33For these reasons, I see no reason to interfere with Zenith’s determination.
Optometry Services – OCF-18 dated September 15, 2020
34I find the OCF-18 recommending a visual perceptual skills and visual information processing evaluation is reasonable and necessary.
35N.A. submits that the OCF-18 was initially denied based on placement in the MIG. However, upon removal, Zenith did not reconsider whether the OCF-18 was reasonable and necessary. N.A. incurred the assessment, and Dr. Irani diagnosed N.A. with post-trauma vision syndrome and recommended in office vision therapy. Dr. Irani noted that the large difference in prescription between the eyes, makes it difficult for N.A.’s eyes and brain to adjust to the poor binocular vision function resulting from post-concussion syndrome.
36Contrastingly, Zenith relies on the s. 44 report of Dr. Mendis, neurologist, who diagnosed N.A. with a WAD II neck injury, opined that N.A.’s headache complaints were at best persistent headaches attributed to whiplash. Dr. Mendis went on to opine that the neurological examination was negative for any objective findings, and that N.A. did not meet the accepted criteria for a concussion diagnosis. Dr. Mendis further noted that even if N.A. suffered a concussion, it would have been mild, and the remaining symptoms are not likely to be on the basis of neurotrauma.

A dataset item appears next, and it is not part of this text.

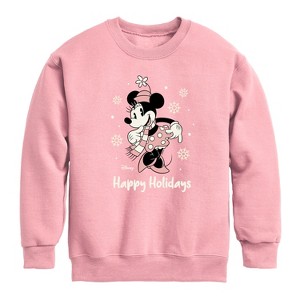 Boys' - Disney - Minnie Happy Holidays Graphic Long Sleeve Fleece Sweatshirt - 1 of 3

37I prefer the report of Dr. Irani over that of Dr. Mendis for several reasons. First, as an optometrist, Dr. Irani specializes in the area of ocular health. Dr. Mendis did not address the vision issues that N.A. complained about, and therefore, the report cannot be relied on to address blurred vision as a result of differing eye prescriptions. Regardless of whether the concussion may have been mild or traumatic, both N.A.’s treatment providers, and the appropriate s. 44 assessors, have acknowledged some level of concussion occurring. Accordingly, resulting difficulties, such as vision problems, may need to be reasonably assessed to determine the extent of the issue, as it relates to post-accident impairments. The medical documentation supports that N.A. suffered injuries that may require further investigation as to the severity and appropriate treatment recommendations.
38For these reasons, I find the September 15, 2020 OCF-18 is reasonable and necessary.
Interest
39Interest applies on the payment of any overdue benefits pursuant to s. 51 of the Schedule.
40Having determined that N.A. is entitled to funding for the massage, chiropractic, physiotherapy and optometry treatment plans, interest is payable in accordance with s. 51 of the Schedule.
ORDER
41N.A. has established that the OCF-18s for massage therapy, chiropractic and physiotherapy treatment, and optometry services, are reasonable and necessary. Interest is payable in accordance with s. 51 of the Schedule.
42N.A. has not established that the OCF-18s for occupational therapy and social work services are reasonable and necessary. No interest is payable.